▸ Try it:
Give a faithful, exact copy of all entries, minus the images.
*** Available data
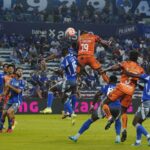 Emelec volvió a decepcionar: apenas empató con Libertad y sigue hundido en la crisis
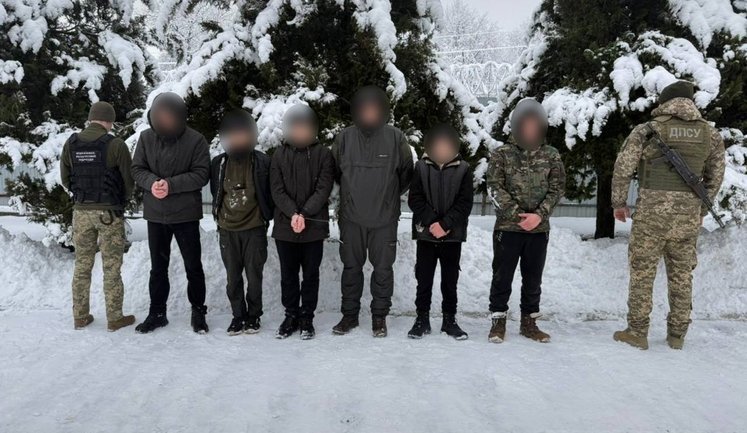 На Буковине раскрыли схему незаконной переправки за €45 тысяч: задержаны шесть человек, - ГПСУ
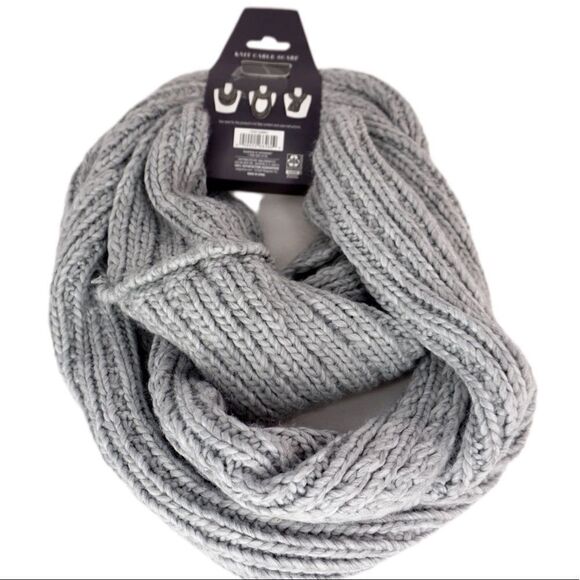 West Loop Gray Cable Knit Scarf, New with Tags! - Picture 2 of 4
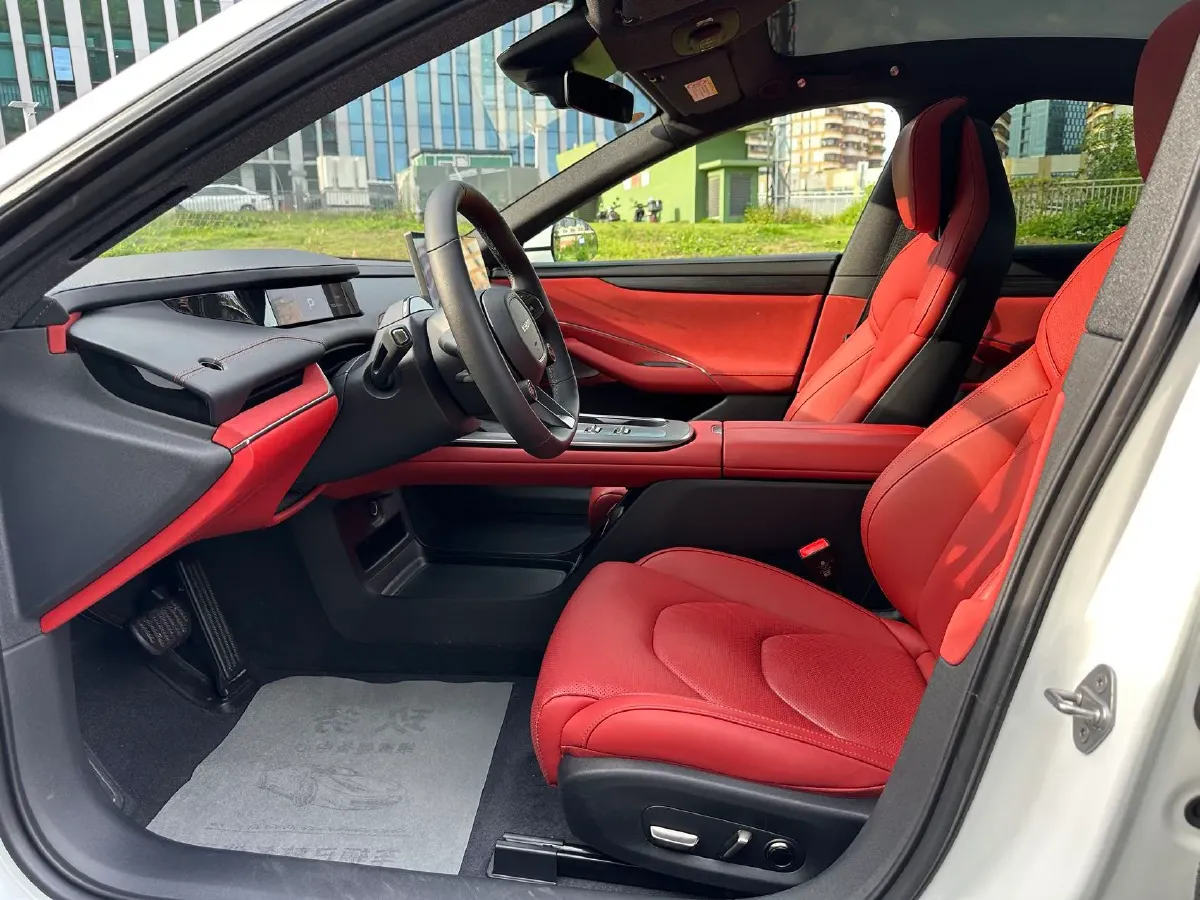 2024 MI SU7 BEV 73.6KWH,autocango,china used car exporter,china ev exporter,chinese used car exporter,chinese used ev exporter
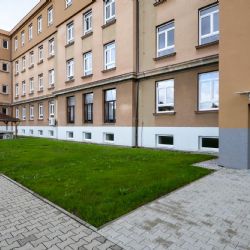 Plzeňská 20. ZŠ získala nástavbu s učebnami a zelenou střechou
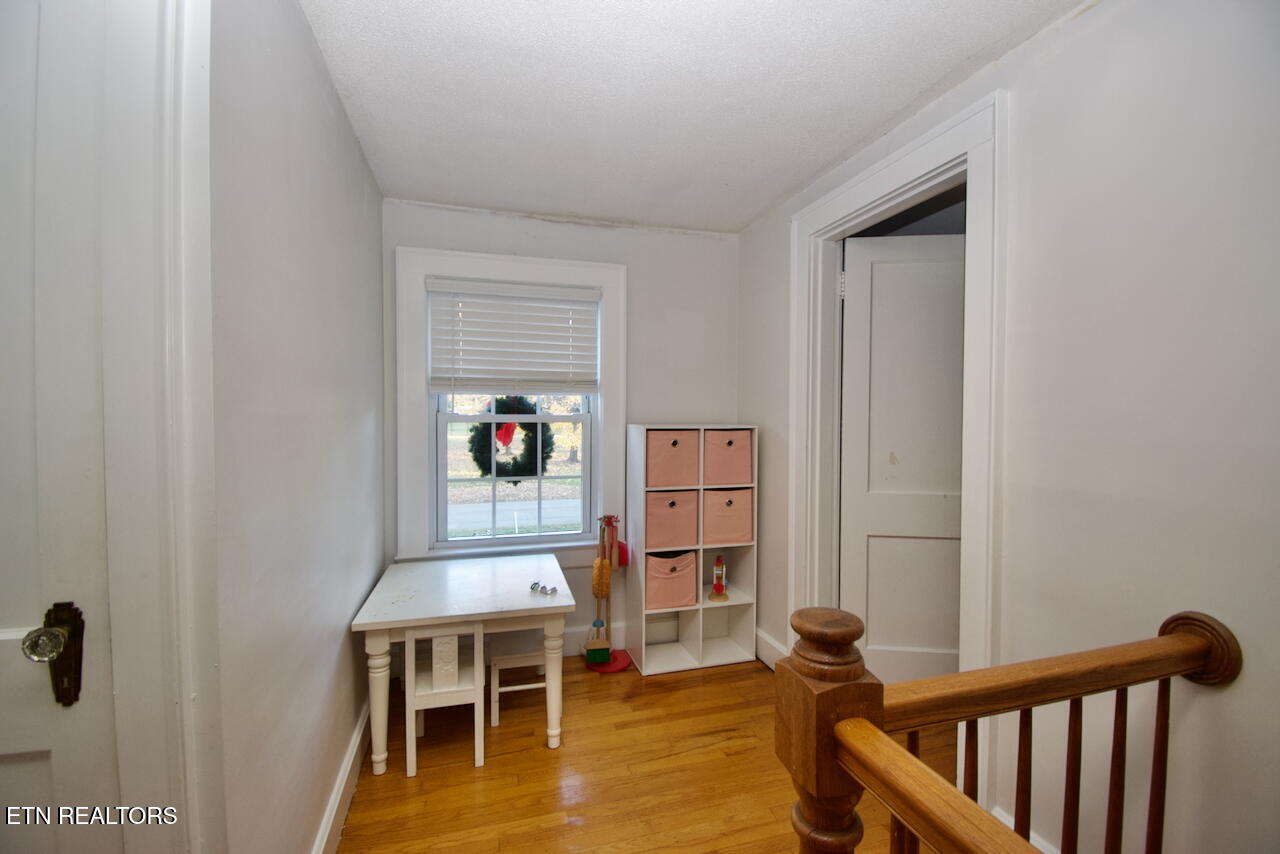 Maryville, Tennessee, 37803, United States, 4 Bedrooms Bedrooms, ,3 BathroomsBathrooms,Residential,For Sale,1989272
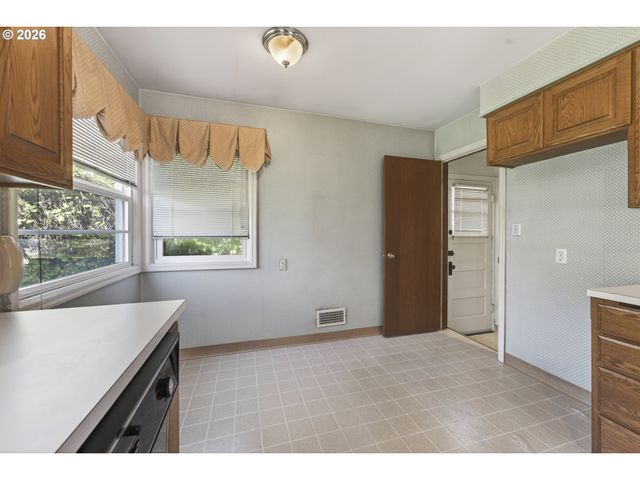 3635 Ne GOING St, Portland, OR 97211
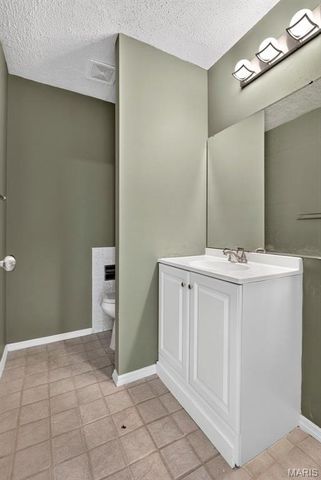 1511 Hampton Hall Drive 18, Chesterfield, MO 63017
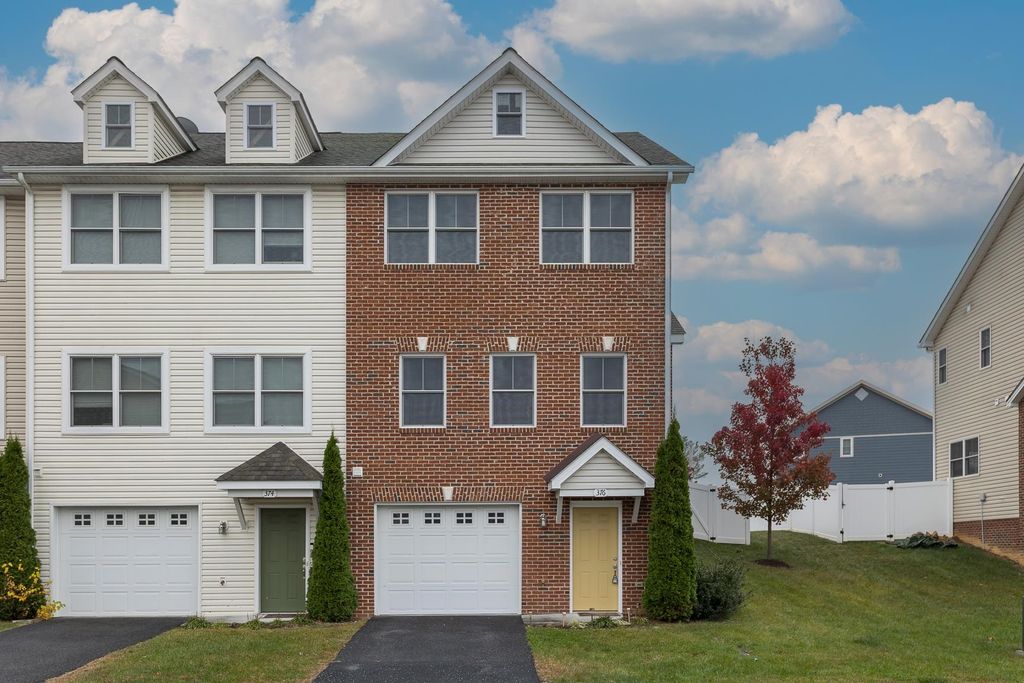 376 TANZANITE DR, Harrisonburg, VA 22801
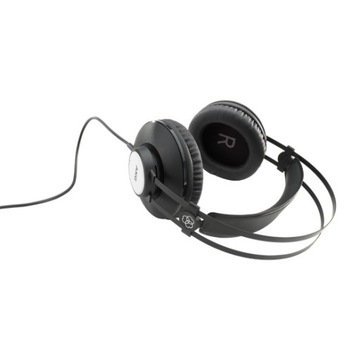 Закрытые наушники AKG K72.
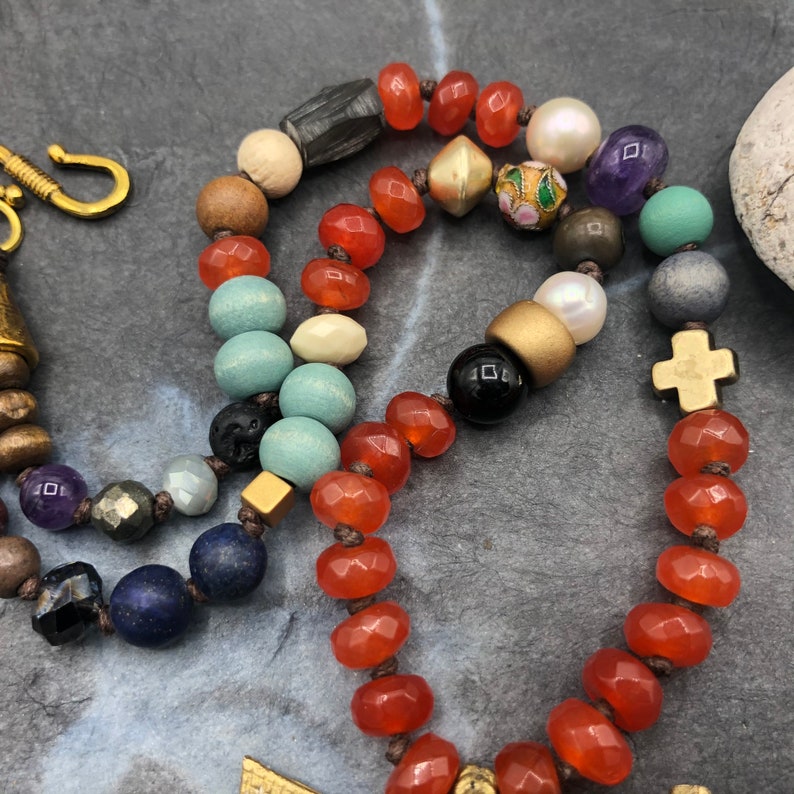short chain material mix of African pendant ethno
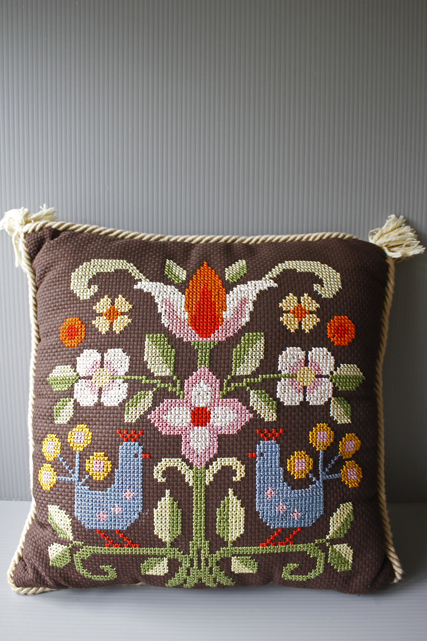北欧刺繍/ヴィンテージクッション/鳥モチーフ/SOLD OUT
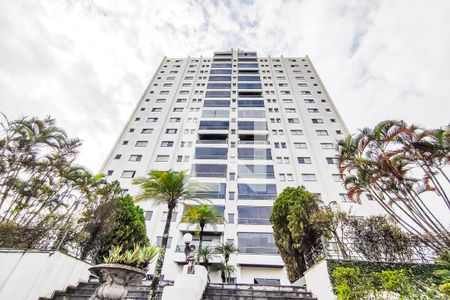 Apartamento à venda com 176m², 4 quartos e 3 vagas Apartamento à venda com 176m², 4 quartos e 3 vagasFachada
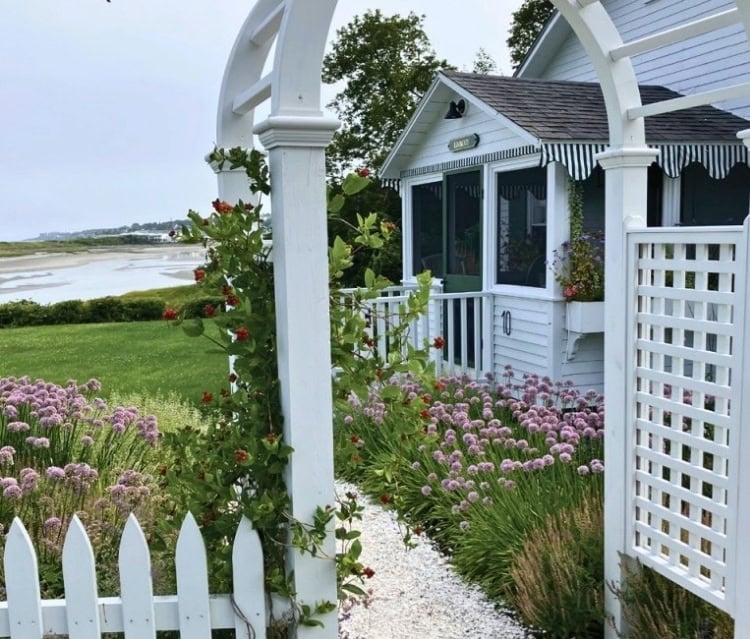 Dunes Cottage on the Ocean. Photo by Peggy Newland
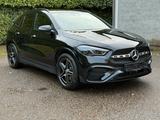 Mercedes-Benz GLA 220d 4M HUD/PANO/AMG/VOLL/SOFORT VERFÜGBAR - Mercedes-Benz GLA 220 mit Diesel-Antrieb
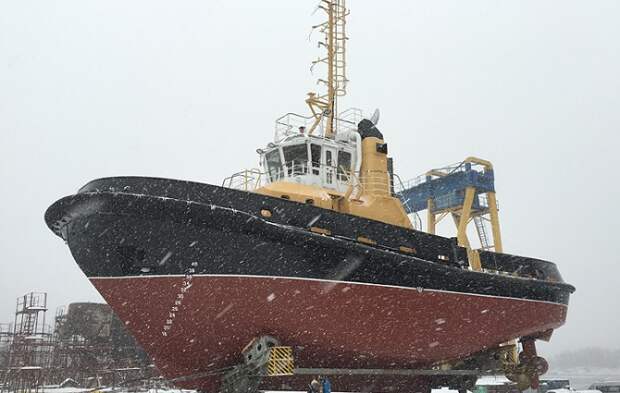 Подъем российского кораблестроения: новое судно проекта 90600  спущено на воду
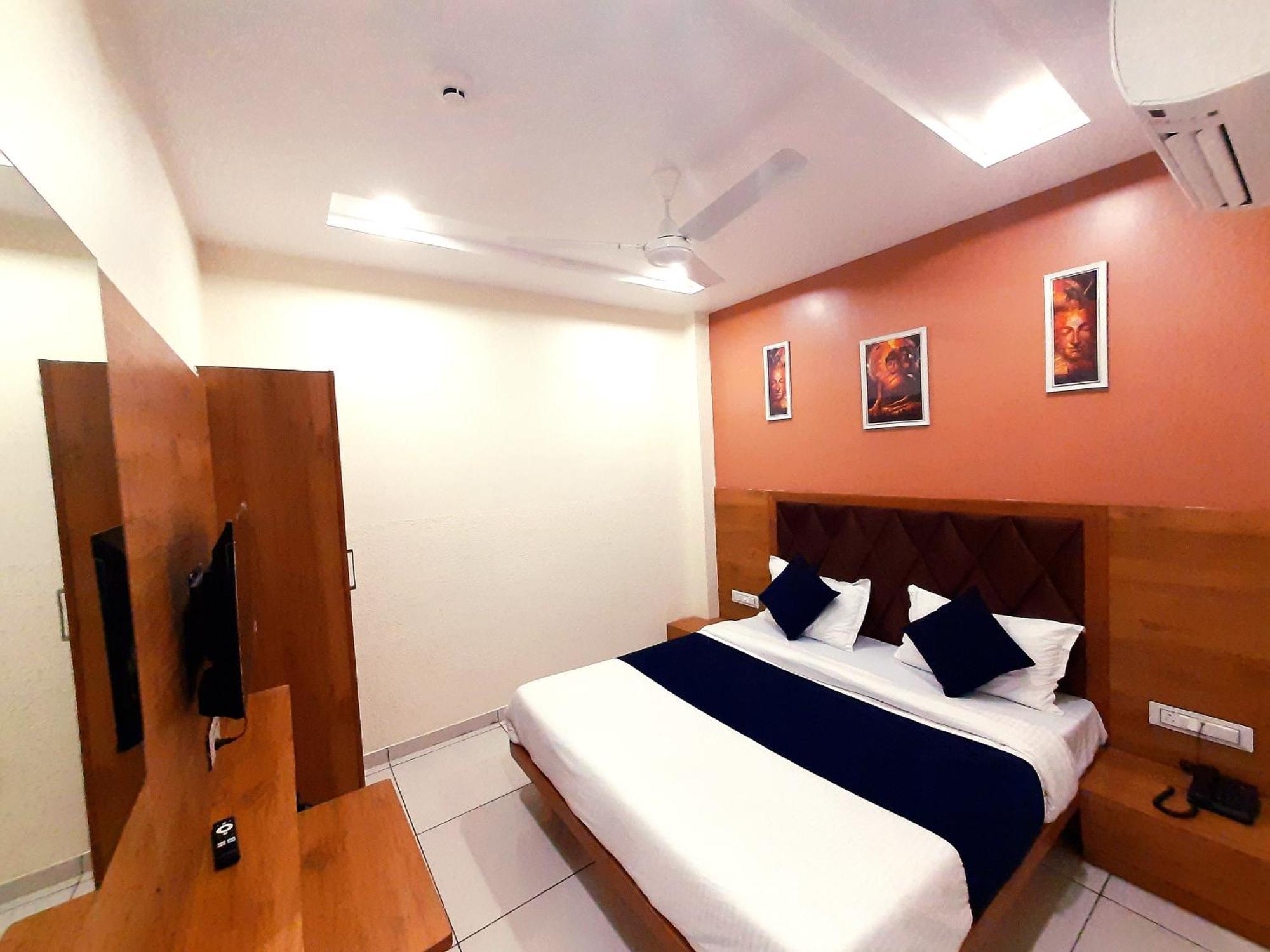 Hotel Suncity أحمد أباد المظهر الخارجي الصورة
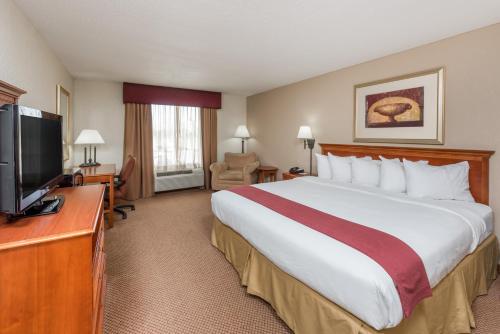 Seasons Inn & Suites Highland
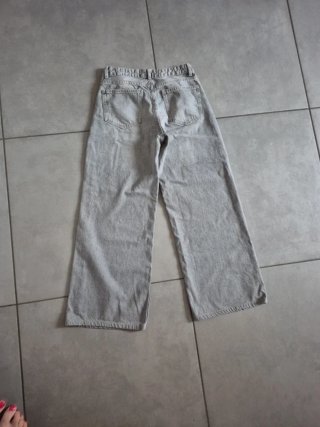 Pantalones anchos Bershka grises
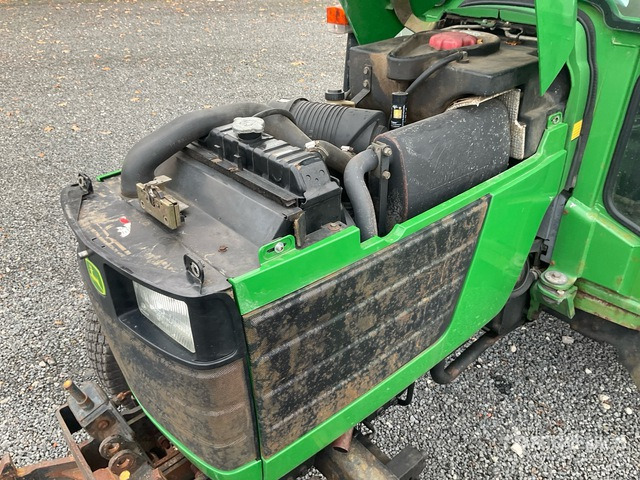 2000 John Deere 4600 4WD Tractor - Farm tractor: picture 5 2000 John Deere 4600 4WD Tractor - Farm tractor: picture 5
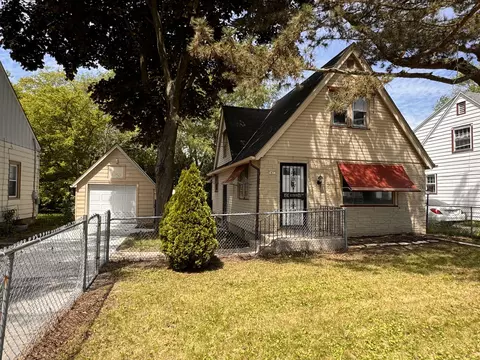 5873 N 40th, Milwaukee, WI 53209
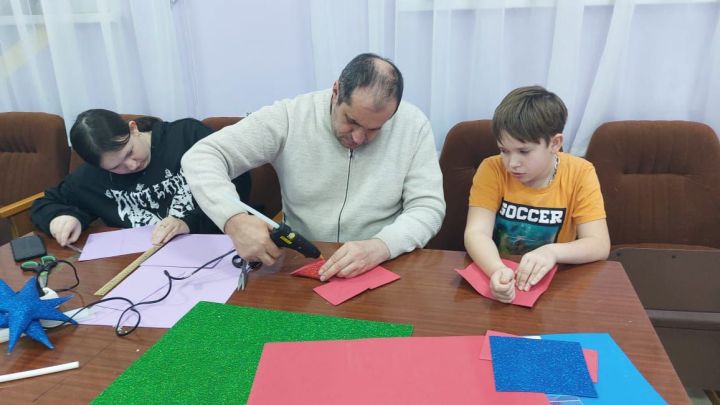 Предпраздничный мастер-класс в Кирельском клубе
******
▸ Response area:
 Emelec volvió a decepcionar: apenas empató con Libertad y sigue hundido en la crisis
 На Буковине раскрыли схему незаконной переправки за €45 тысяч: задержаны шесть человек, - ГПСУ
 West Loop Gray Cable Knit Scarf, New with Tags! - Picture 2 of 4
 2024 MI SU7 BEV 73.6KWH,autocango,china used car exporter,china ev exporter,chinese used car exporter,chinese used ev exporter
 Plzeňská 20. ZŠ získala nástavbu s učebnami a zelenou střechou
 Maryville, Tennessee, 37803, United States, 4 Bedrooms Bedrooms, ,3 BathroomsBathrooms,Residential,For Sale,1989272
 3635 Ne GOING St, Portland, OR 97211
 1511 Hampton Hall Drive 18, Chesterfield, MO 63017
 376 TANZANITE DR, Harrisonburg, VA 22801
 Закрытые наушники AKG K72.
short chain material mix of African pendant ethno
北欧刺繍/ヴィンテージクッション/鳥モチーフ/SOLD OUT
 Apartamento à venda com 176m², 4 quartos e 3 vagas Apartamento à venda com 176m², 4 quartos e 3 vagasFachada
 Dunes Cottage on the Ocean. Photo by Peggy Newland
 Mercedes-Benz GLA 220d 4M HUD/PANO/AMG/VOLL/SOFORT VERFÜGBAR - Mercedes-Benz GLA 220 mit Diesel-Antrieb
 Подъем российского кораблестроения: новое судно проекта 90600  спущено на воду
 Hotel Suncity أحمد أباد المظهر الخارجي الصورة
 Seasons Inn & Suites Highland
 Pantalones anchos Bershka grises
 2000 John Deere 4600 4WD Tractor - Farm tractor: picture 5 2000 John Deere 4600 4WD Tractor - Farm tractor: picture 5
 5873 N 40th, Milwaukee, WI 53209
 Предпраздничный мастер-класс в Кирельском клубе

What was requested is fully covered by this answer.